::: Entries shown

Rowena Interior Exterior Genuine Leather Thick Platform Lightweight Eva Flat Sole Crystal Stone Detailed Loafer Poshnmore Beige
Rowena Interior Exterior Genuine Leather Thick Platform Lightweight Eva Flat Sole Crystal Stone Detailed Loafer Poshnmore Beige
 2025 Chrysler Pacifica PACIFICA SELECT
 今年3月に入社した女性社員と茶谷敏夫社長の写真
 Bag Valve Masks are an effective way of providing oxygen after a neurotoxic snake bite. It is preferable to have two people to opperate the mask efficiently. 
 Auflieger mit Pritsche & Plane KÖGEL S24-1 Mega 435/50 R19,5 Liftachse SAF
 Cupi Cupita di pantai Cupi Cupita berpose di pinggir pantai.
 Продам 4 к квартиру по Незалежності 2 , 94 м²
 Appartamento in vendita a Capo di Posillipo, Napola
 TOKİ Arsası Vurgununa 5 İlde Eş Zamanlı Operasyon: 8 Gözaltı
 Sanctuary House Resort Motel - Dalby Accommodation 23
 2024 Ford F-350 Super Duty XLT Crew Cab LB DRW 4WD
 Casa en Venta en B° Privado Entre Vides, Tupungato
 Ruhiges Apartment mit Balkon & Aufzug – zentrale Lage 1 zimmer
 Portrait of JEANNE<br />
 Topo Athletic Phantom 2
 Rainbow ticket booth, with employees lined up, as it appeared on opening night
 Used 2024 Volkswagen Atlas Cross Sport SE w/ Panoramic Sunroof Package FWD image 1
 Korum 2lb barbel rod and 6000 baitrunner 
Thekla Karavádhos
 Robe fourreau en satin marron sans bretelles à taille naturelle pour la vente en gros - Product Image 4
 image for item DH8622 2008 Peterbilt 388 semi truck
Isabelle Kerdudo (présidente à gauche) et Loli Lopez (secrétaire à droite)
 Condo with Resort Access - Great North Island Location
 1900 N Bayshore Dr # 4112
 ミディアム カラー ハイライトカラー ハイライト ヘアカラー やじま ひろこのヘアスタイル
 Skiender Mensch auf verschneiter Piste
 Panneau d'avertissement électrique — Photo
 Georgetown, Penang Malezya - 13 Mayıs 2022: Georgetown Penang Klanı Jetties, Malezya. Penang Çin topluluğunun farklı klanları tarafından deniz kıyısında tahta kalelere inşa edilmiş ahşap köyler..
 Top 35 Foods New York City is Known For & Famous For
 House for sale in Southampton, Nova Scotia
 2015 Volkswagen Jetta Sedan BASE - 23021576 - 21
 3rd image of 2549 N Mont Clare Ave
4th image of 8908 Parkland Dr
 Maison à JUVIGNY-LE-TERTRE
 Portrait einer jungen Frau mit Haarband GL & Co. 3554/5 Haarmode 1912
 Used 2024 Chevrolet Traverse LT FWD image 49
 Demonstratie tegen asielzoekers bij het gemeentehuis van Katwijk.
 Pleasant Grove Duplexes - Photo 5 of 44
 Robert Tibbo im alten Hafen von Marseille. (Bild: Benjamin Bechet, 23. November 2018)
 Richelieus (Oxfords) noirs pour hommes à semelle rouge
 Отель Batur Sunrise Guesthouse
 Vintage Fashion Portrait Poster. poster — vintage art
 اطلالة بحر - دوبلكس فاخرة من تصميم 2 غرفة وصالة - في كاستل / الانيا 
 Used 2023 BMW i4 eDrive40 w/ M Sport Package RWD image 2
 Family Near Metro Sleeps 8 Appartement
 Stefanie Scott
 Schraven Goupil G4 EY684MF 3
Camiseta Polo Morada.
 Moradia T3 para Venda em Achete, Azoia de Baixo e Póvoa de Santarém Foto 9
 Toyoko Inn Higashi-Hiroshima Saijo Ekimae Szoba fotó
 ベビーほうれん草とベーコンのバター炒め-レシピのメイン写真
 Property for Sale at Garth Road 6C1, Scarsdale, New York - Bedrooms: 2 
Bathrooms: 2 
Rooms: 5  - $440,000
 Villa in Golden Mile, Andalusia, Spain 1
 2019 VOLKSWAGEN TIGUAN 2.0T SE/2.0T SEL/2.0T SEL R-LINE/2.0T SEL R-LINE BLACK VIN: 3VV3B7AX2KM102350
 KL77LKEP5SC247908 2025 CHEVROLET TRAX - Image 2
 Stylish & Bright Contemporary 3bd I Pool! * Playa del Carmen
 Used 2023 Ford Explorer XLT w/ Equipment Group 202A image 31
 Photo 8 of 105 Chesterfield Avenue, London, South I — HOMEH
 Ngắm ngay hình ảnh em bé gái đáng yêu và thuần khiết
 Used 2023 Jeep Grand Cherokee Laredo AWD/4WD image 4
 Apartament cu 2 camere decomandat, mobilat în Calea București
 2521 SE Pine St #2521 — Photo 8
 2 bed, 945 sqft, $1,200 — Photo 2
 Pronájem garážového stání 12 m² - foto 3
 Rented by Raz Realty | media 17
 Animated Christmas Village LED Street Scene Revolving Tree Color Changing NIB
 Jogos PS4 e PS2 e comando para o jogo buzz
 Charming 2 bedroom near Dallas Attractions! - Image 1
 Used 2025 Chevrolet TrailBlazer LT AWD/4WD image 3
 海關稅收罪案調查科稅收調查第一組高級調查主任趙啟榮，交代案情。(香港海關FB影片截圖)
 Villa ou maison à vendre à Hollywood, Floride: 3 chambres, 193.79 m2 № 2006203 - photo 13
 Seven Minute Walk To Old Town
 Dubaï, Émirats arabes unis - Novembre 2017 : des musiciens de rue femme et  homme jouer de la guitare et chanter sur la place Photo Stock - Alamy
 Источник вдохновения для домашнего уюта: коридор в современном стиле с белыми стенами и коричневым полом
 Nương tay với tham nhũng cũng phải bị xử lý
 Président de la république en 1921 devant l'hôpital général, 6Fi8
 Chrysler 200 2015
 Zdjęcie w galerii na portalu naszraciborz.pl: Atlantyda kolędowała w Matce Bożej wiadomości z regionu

::::::

• [Exercise requirements] What you give back should be only the lines of the records above, starting at the line with "Photo 8 of 105" and ending at the line with "Rented by Raz Realty | media 17", restated word for word.

• [Solved problem]
 Photo 8 of 105 Chesterfield Avenue, London, South I — HOMEH
 Ngắm ngay hình ảnh em bé gái đáng yêu và thuần khiết
 Used 2023 Jeep Grand Cherokee Laredo AWD/4WD image 4
 Apartament cu 2 camere decomandat, mobilat în Calea București
 2521 SE Pine St #2521 — Photo 8
 2 bed, 945 sqft, $1,200 — Photo 2
 Pronájem garážového stání 12 m² - foto 3
 Rented by Raz Realty | media 17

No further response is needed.